If A is symmetric, LSQR should not be used! Alternatives are the symmetric conjugate-gradient method (cg) and/or SYMMLQ. SYMMLQ is an implementation of symmetric cg that applies to any symmetric A and will converge more rapidly than LSQR. If A is positive definite, there are other implementations of symmetric cg that require slightly less work per iteration than SYMMLQ (but will take the same number of iterations).

linalg.lstqr

The sklearn implementation handled adding a constant term (since the y-intercept is presumably not 0 for the line we are learning) for us. We will need to do that by hand now:

trn_int = np.c_[trn, np.ones(trn.shape[0])]
test_int = np.c_[test, np.ones(test.shape[0])]

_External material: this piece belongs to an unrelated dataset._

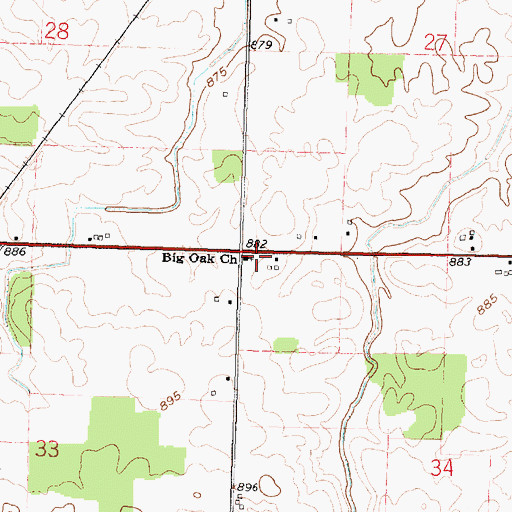 Topographic Map of Big Oak Church, OH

Since linalg.lstsq lets us specify which LAPACK routine we want to use, lets try them all and do some timing comparisons:

%timeit coef, _,_,_ = linalg.lstsq(trn_int, y_trn, lapack_driver="gelsd")

290 µs ± 9.24 µs per loop (mean ± std. dev. of 7 runs, 1000 loops each)

%timeit coef, _,_,_ = linalg.lstsq(trn_int, y_trn, lapack_driver="gelsy")

140 µs ± 91.7 ns per loop (mean ± std. dev. of 7 runs, 10000 loops each)

%timeit coef, _,_,_ = linalg.lstsq(trn_int, y_trn, lapack_driver="gelss")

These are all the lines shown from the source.